Johns is "helped" by Constance Ford
Robert Bloch wrote the screenplay for this mess, and it's proof that the man could turn out solid scripts as well as ones that should never see the light of day. This is one of three theatrical films for director Roger Kay, who mostly toiled in television, and he's unable to do much with this terrible story. Heroine Glynis Johns, with her squeaky voice and munchkin-like appearance, seems all wrong for this kind of movie, although one could argue that she is the ultimate masochist. Johns gives a good and committed performance, however, although there must have been times when she and the other actors wished they'd chosen a better project. Daniel O'Herlihy is effective in a supposedly dual role, and the others named are all better than the picture deserves. This is a remake of the silent classic The Cabinet of Dr. Caligari in name only, although some shots try to ape the expressionistic sets of the original. There is  an explanation for the strange goings-on, but the movie is so utterly tedious that you probably won't want to wait until the ending to find out. There are some interesting touches -- Caligari has a revolving door into his office, and there's a glass panel above Johns' bathtub into which people can peek as she bathes -- but they aren't enough to save this from the scrapheap.

Verdict: A waste of talent and celluloid. *1/2. 


James Franciscus and Jack Klugman
ONE OF MY WIVES IS MISSING  (1976 telefilm). Director: Glenn Jordan.
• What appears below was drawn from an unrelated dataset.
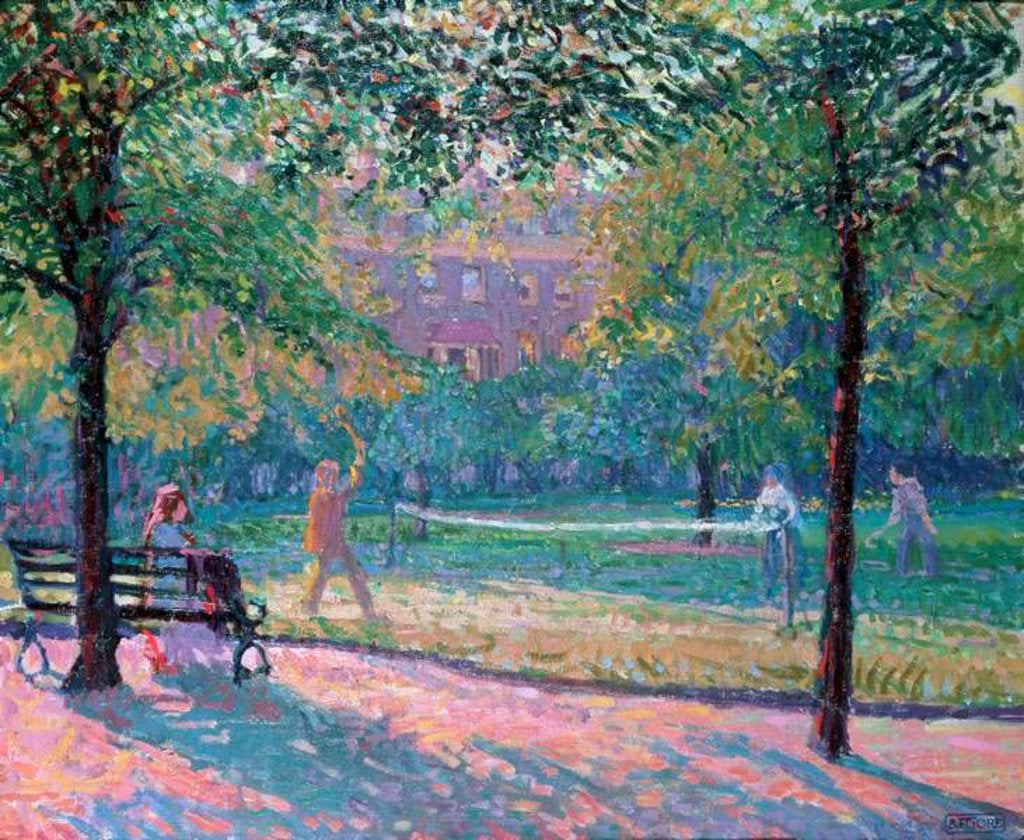 Detail of Game of Tennis by Spencer Frederick Gore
Daniel Corban (James Franciscus) is on his honeymoon in a small town when he tells Inspector Levine (Jack Klugman) that his wife walked out after a minor argument and hasn't been seen since. The laid-back Levine tries to be sympathetic but doesn't think there's much to worry about, especially when Mrs. Corban (Elizabeth Ashley) walks in and announces that she's back. The only problem is that Corban insists that he has never seen this woman before and that she is not Elizabeth Corban! Although Corban thinks of every way he can to convince the inspector that he's telling the truth, his "wife" counters his every move, and the situation truly begins to look desperate ... 

Elizabeth Ashley
Three good lead performances are at the heart of One of My Wives, a twisty tale that has been told before and afterwards. Anne Baxter was the harried honeymooner in Chase a Crooked Shadow (1958), then Janet Leigh in Honeymoon with a Stranger (1969). In 1986 came yet another telefilm, Vanishing Act, which starred Elliot Gould as the honeymooning husband. These were all official or uncredited versions of Robert Thomas' stage play "Trap for a Single Man." Like other versions, One of My Wives is suspenseful and intriguing, bolstered by Klugman's pleasant cop, Ashley's increasingly sinister and witchy portrayal, and Franciscus' credibly mounting fear, confusion and alarm. There is also good work from Joel Fabiani as a priest, Milton Selzer as a grocer, and the ever-lovable Ruth McDevitt as a neighbor. 

Verdict: Good version of this oft-told tale. ***. 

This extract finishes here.